WHAT IS REQUIRED » Set out exactly every line of the entries below, starting at the line that holds "Celebrate! Valentine Day Key Ring" and stopping after the line that holds "Billardqueue, Pool, Predator".

INFORMATION »
####################
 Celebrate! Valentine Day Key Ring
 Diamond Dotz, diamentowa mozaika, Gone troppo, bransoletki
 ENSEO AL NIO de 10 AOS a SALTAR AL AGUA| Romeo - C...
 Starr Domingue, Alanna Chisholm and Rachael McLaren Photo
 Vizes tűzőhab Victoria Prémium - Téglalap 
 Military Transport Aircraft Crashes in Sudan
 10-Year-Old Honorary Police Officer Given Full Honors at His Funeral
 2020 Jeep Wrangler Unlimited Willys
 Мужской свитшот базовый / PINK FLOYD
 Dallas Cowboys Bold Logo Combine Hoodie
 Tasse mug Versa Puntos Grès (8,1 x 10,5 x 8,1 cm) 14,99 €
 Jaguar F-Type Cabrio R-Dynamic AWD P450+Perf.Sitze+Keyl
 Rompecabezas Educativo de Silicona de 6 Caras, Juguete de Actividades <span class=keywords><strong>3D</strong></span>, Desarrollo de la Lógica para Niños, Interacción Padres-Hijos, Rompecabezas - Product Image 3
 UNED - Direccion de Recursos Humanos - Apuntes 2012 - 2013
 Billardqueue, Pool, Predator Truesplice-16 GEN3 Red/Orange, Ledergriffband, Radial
####################
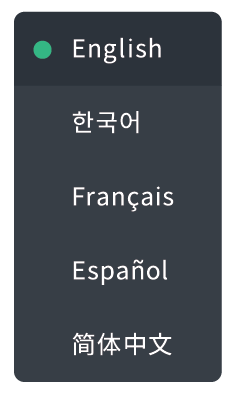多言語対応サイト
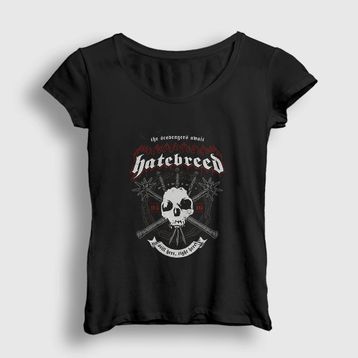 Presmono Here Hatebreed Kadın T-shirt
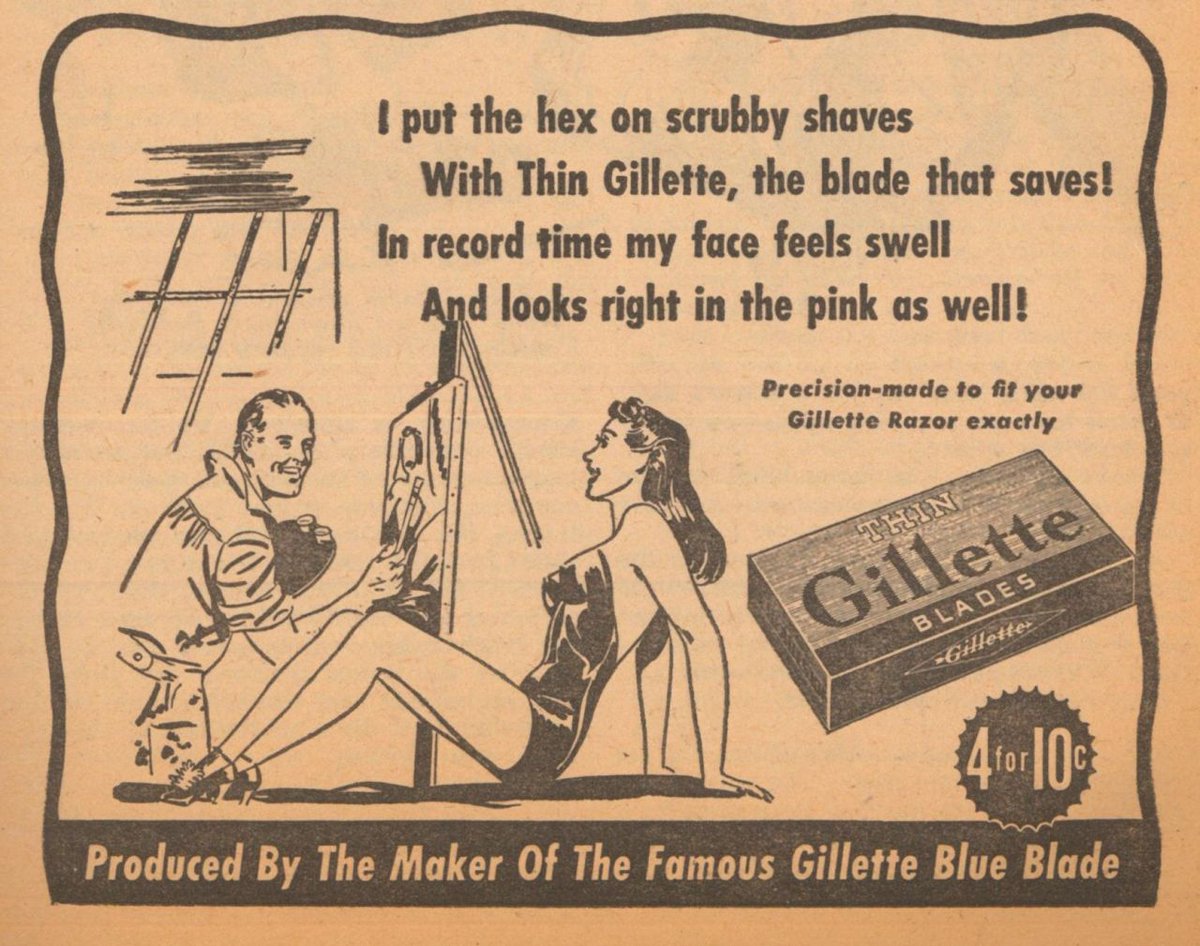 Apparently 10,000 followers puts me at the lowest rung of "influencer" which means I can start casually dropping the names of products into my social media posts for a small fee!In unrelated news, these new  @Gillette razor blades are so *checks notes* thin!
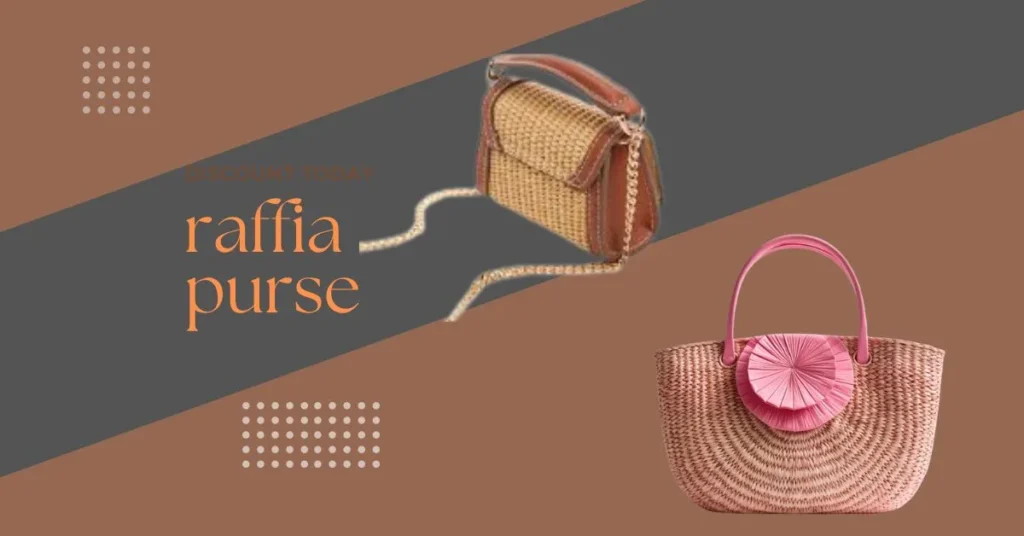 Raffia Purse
####################
ANSWER SPACE »
 Celebrate! Valentine Day Key Ring
 Diamond Dotz, diamentowa mozaika, Gone troppo, bransoletki
 ENSEO AL NIO de 10 AOS a SALTAR AL AGUA| Romeo - C...
 Starr Domingue, Alanna Chisholm and Rachael McLaren Photo
 Vizes tűzőhab Victoria Prémium - Téglalap 
 Military Transport Aircraft Crashes in Sudan
 10-Year-Old Honorary Police Officer Given Full Honors at His Funeral
 2020 Jeep Wrangler Unlimited Willys
 Мужской свитшот базовый / PINK FLOYD
 Dallas Cowboys Bold Logo Combine Hoodie
 Tasse mug Versa Puntos Grès (8,1 x 10,5 x 8,1 cm) 14,99 €
 Jaguar F-Type Cabrio R-Dynamic AWD P450+Perf.Sitze+Keyl
 Rompecabezas Educativo de Silicona de 6 Caras, Juguete de Actividades <span class=keywords><strong>3D</strong></span>, Desarrollo de la Lógica para Niños, Interacción Padres-Hijos, Rompecabezas - Product Image 3
 UNED - Direccion de Recursos Humanos - Apuntes 2012 - 2013
 Billardqueue, Pool, Predator Truesplice-16 GEN3 Red/Orange, Ledergriffband, Radial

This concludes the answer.